FIG. 7 shows another embodiment of an exploded view of a sole of a shoe massage system of FIG. 6. This embodiment is very similar to that of FIG. 6 with the exception being that the air bag 1004 is provided with a recess 1008 within the in-sole which the said air bag 1004 is located. The recess 1008 is situated in midway on the in-sole cover 1002.

FIG. 8 shows an exploded view of a shoe 110 of a shoe massage system. The shoe 110 has a sole 102. The sole, as described above, includes at least one air bag 104 arranged in a hollow portion of the sole. The air bags 104 are covered by a layer of material 106, such as neoprene or nylex for example, although any other suitable material may be used. The covering layer 106 provides a relatively uniform surface to the sole within the shoe 110. In addition, said layer 106, in the case of neoprene, helps to dissipate any build-up of heat within the shoe thus reducing the tendency for the foot to sweat and the development of foul odors.

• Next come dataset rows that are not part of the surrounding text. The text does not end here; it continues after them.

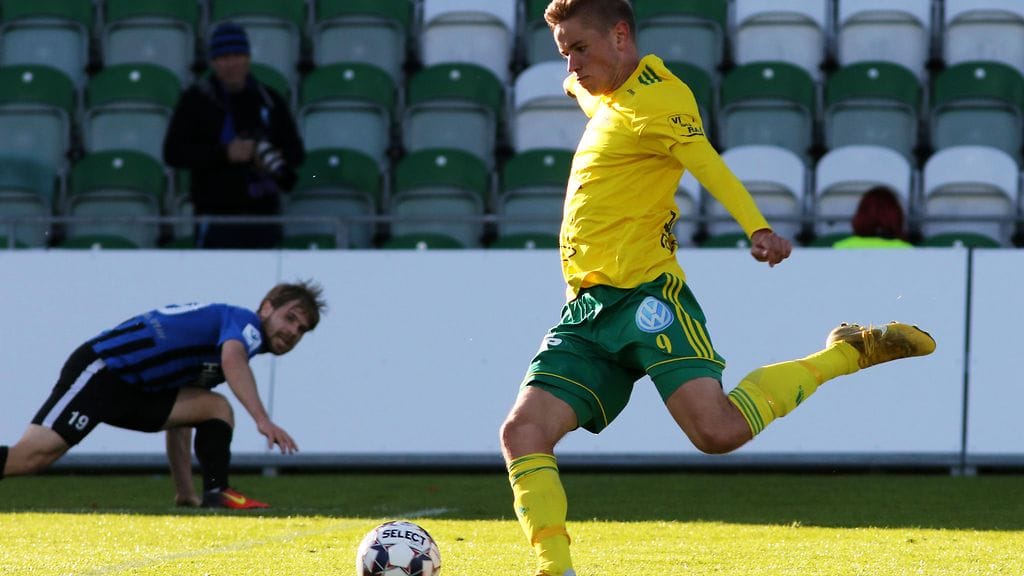 Ilari Mettälä laukoi Ilveksen voittoon.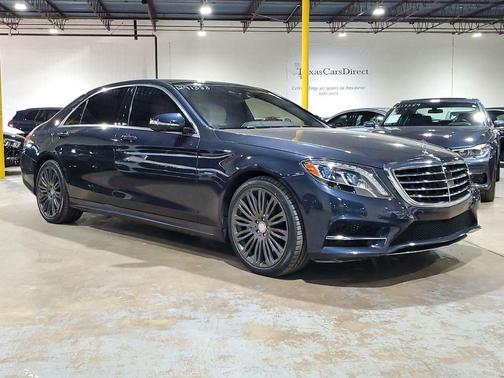 2017 Mercedes-Benz S-Class S 550e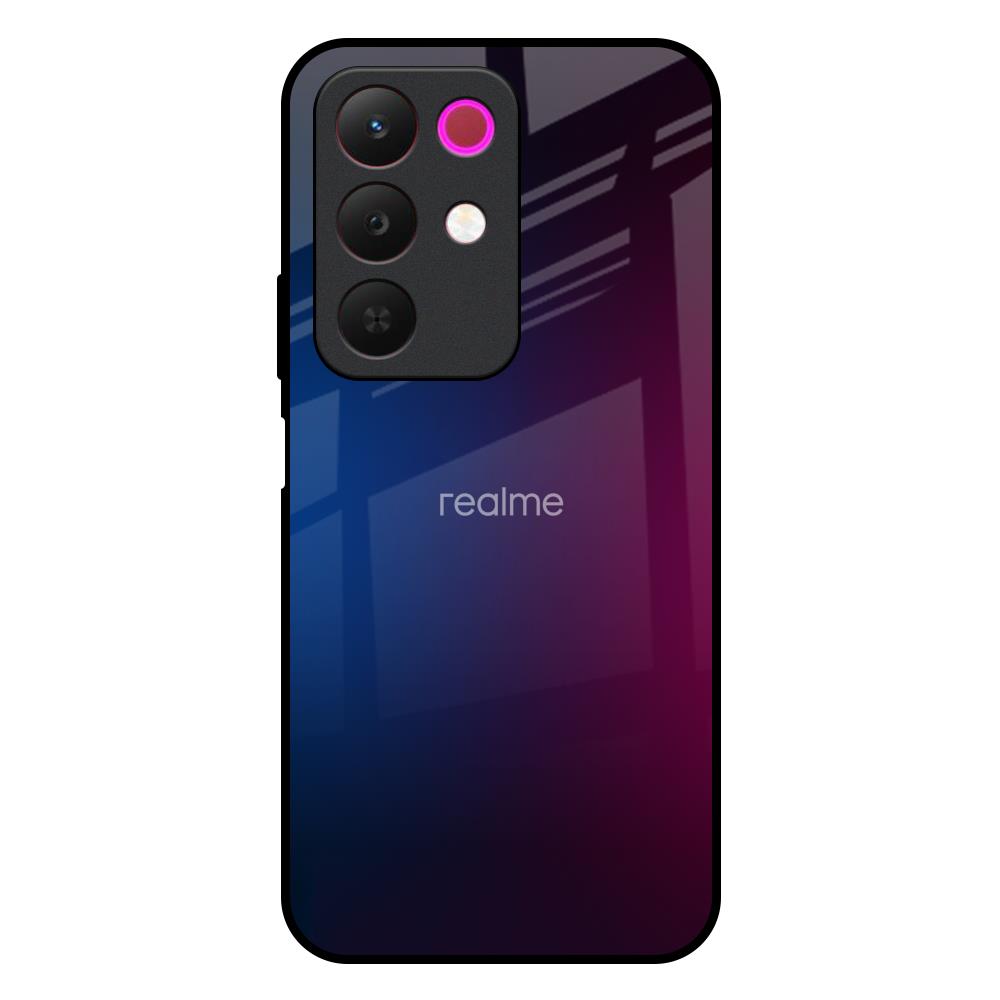 Mix Gradient Shade Realme 15x 5G Glass Back Cover Online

The shoe 110 also includes at least two more air bags 108 and 112. The air bags 108 and 112 are situated along the lateral walls of the shoe such that the lateral surface and plantar arch regions of a foot of a user contact the air bags 108 and 112, respectively.

It should be noted that the exemplary embodiments described above merely serve to aid in the understanding of the various aspects of the present invention. Accordingly, said various aspects of the present invention are not to be construed to as being limited to said exemplary embodiments, but rather, as defined by the claims that follow.